What are the types of ARMD ?

The “dry ” form of ARMD  develops and progress slowly over a period of  5 – 10 years or longer. The less prevalent, “wet” type of   ARMD is characterized by the ingrowth of new blood vessels from the choroid. “Wet” ARMD progresses much more rapidly, over a period of weeks or months, and usually results in legal blindnessin in the central portion of the visual field.

 

How do you evaluate ARMD?

Clinical examination, coupled with fluorescein angiography, optical coherence tomography and in some cases, indocyanine green angiography are the tests useful in finding out the type of  ARMD, its prognosis and outcome.

 

If I develop “wet” or  “dry” ARMD in one eye, will it eventually affect the opposite eye?

Probably. The fellow eye is at high risk of following suit, but the timing can vary significantly from person to person.

 

What are the risk factors associated with ARMD ?

The strongest risk factors are :

  1. The incidence of all forms of ARMD rises steeply with advancing age. In one large study, ARMD increased from approximately 4% of individuals at 43 to 54 years of age, to 23% in those 75 years or older.
  2. Pigmentary changes in the macula is considered to be diagnostic of early atrophic ARMD.
  3. The incidence of both “wet” and “dry” ARMD is strongly correlated a history of smoking.The degree of risk is proportional to the amount of cigarette consumption.
  4. Genetic factors.
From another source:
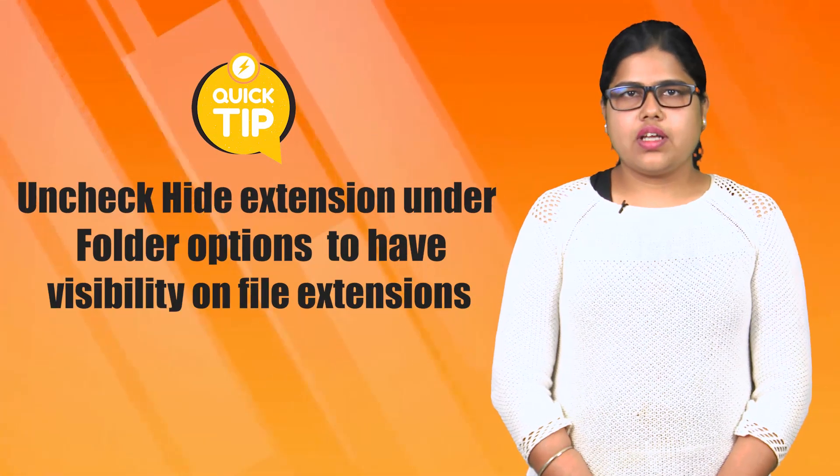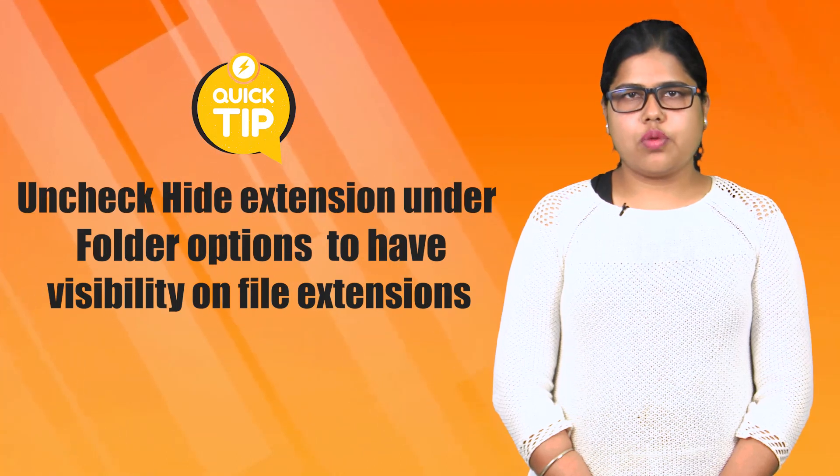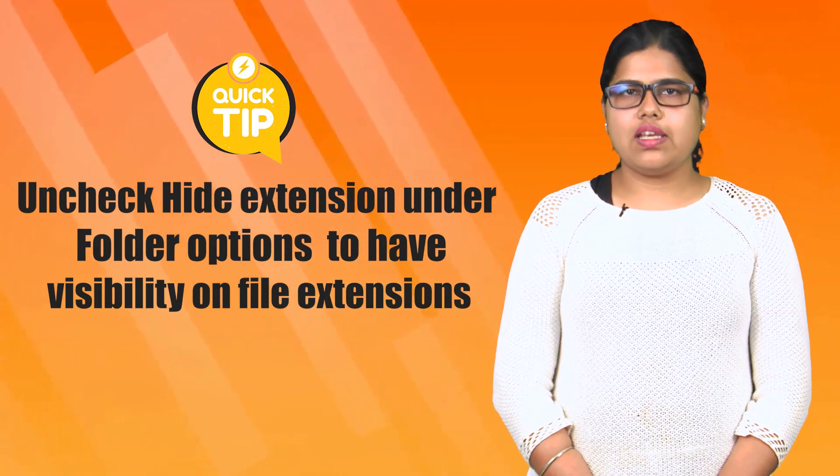Hello everyone, today's security tip. Uncheck hide extensions under folder options to have visibility on file extensions.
Several studies have demonstrated a high rate of concordance in the development of ARMD among twins, particularly among identical twins. In family-based studies, the likelihood of developing ARMD is nearly 20 times higher if one or both parents have ARMD. It is highly likely that one or more gene alterations carried by the affected individual increase the susceptibility in his/her offspring.

 

How does diet influence macular degeneration ?

Several studies now indicate that diets rich in green  leafy vegetables, such as spinach, chard and mustard greens, can reduce the risk of ARMD. These and other vegetables are rich in certain pigments  known as carotenoids. Among these, lutein and zeaxanthin are two that are highly concentrated in the macula where they may have effects that protect RPE and / or retinal cells from injury caused by the formation of peroxides and other toxic  products of the visual cycle. Lutein and zeaxanthin are now widely available as dietary supplements ; however, their efficacy when consumed in this form has not been well studied.

 

Have vitamins and other nutritional supplements been shown to be effective as treatments for ARMD?

There have been at least five published trials that have tried to determine whether dietary supplements, such as vitamins A,C, E or zinc can arrest or prevent the development of ARMD.Thus far, the results from these small scale studies have not been encouraging. However, new data from a much larger study called the Age-Related Eye Disease Study (AREDS) indicates that dietary supplementation with 500 mg of vitamin C, 400IU of vitamin E, 15 milligrams of beta-carotene and 80 milligrams of zinc (as zinc oxide) can reduce the risk of developing advanced ARMD by approximately 25%.

 

What are the Treatments for Macular Degeneration ?

20 years back, laser photocoagulation was used for the first time to treat ARMD. For the last 5 years, newer treatments, which are more effective, are coming up. The most commonly applied clinical approach to Age Related Macular Degeneration  which in some cases can slow the progression of the disease, but does not restore already lost vision are variable. This is possible with special laser called Photodyanamic therapy. Injections like Lucentis, avastin and  newer drugs inside the eye is also possible.